RECORD EXTRACTS:
--- START ---

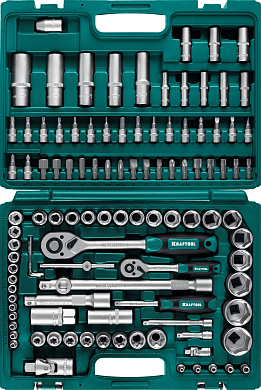 Универсальный набор инструмента KRAFTOOL X-Drive 108, 108 предм.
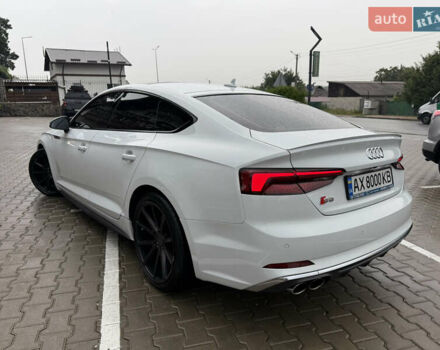 Белый Ауди С5, объемом двигателя 3 л и пробегом 104 тыс. км за 27500 $, фото 9 на Automoto.ua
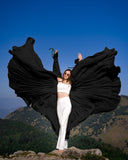 BLACK LYLA SHRUG - Wabi Sabi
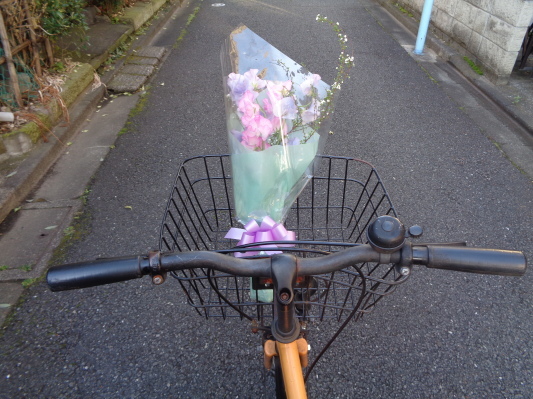 奥さんへの花束の巻 杉並区松ノ木ウエルシア薬局近く キミはボクを見たかい 5 奥さんへの花束の巻 杉並区松ノ木ウエルシア薬局近く キミはボクを見たかい 5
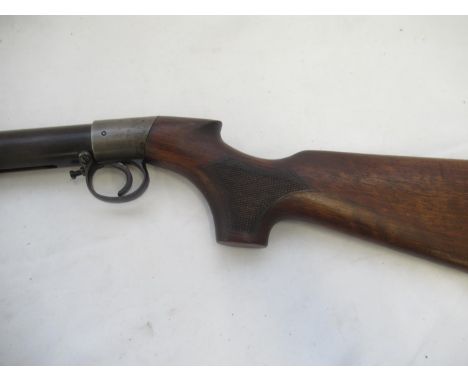 BSA .177 Model D under-lever air rifle, B.S.A. Patent 8761-04, 25783-10 RD. 479972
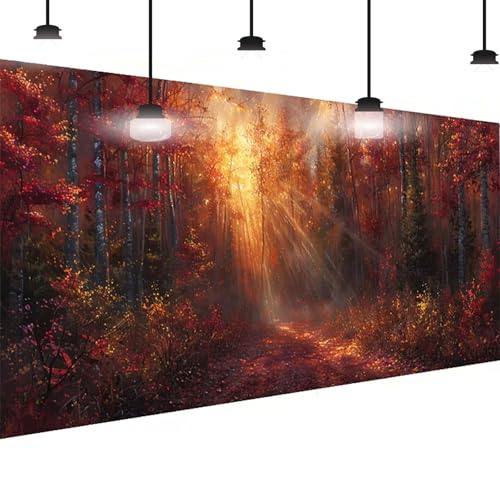 DIY peinture diamant paysage pour s'évader et libérer l'esprit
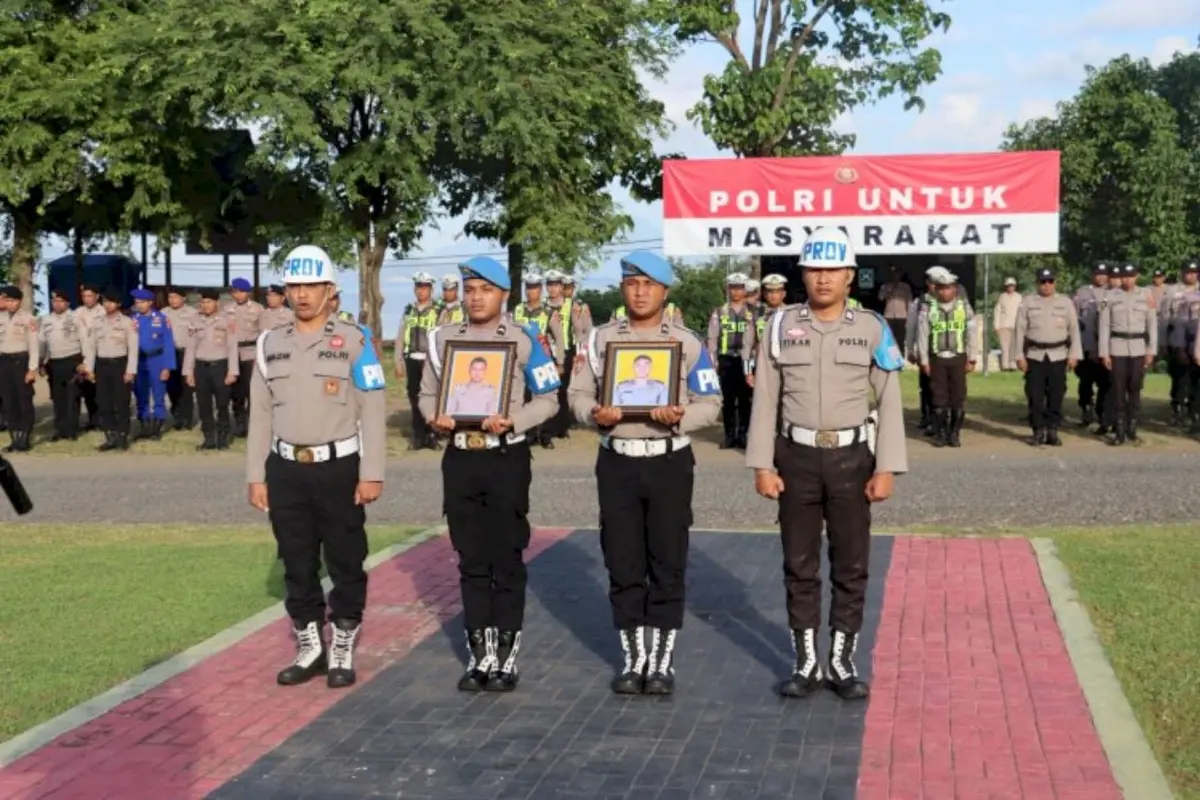 Dua polisi di NTT dipecat dalam kasus pembunuhan dan cinta sesama jenis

--- END ---

Drop the pictures and reproduce the rest of the data exactly.

SOLUTION:
 Универсальный набор инструмента KRAFTOOL X-Drive 108, 108 предм.
 Белый Ауди С5, объемом двигателя 3 л и пробегом 104 тыс. км за 27500 $, фото 9 на Automoto.ua
 BLACK LYLA SHRUG - Wabi Sabi
 奥さんへの花束の巻 杉並区松ノ木ウエルシア薬局近く キミはボクを見たかい 5 奥さんへの花束の巻 杉並区松ノ木ウエルシア薬局近く キミはボクを見たかい 5
 BSA .177 Model D under-lever air rifle, B.S.A. Patent 8761-04, 25783-10 RD. 479972
 DIY peinture diamant paysage pour s'évader et libérer l'esprit
 Dua polisi di NTT dipecat dalam kasus pembunuhan dan cinta sesama jenis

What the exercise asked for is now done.